Although the numbers have changed over the past 50 years, Sanders' message has not.
An examination of Sanders' other interviews and writings from that time further prove his consistency, and completely debunk the implication that he would ever praise Wallace.
In an essay printed in 1972 in Movement, a magazine published by the Liberty Union, Sanders wrote about the ability politicians such as Wallace had in tapping into a sense of resentment and turning that resentment into votes. In speaking with supporters of Wallace, wrote Sanders, he found "a certain feeling of admiration and respect for" their anger at the political system. But then he goes on to compare Wallace to Adolph Hitler.
"My mind flashed to scenes of Germany in the late 1920s. Confusion, rebellion, frustration, economic instability, a wounded national pride, ineffectual political leadership — and the desire for a strong man who would do something, who would bring order out of the chaos. ... Their attraction to Wallace goes well beyond the issues. They see in Wallace a man who is standing up to the Establishment — a tough little guy fighting for them. They admire his courage and his straightforwardness. 'He comes right out and says what he feels.'"
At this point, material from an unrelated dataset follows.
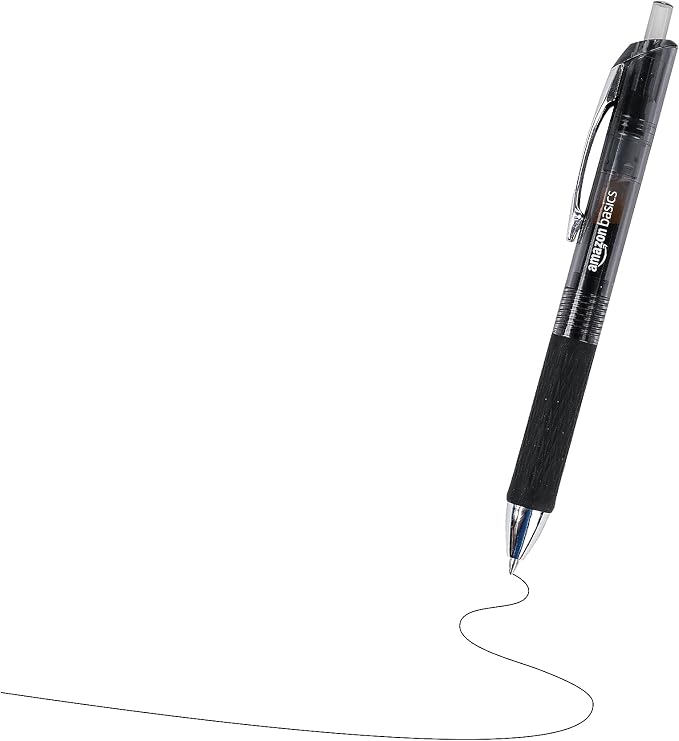 Amazon Basics Retractable Gel Pens, Fine Point 0.7mm, Smooth Writing, No Smudge - Image 3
Responding to the Washington Examiner's Jan. 30 article, the Sanders campaign said, "Throughout his entire life, he's warned about demagogues like Wallace and Donald Trump using hate and fear to divide people up."
One can draw a fairly straight line from his assessment of voters' disenchantment to Donald Trump's election in 2016 and his popularity among his base despite his coarseness and narcissism.
Like him or not, Sanders had something to say back then that still resonates today.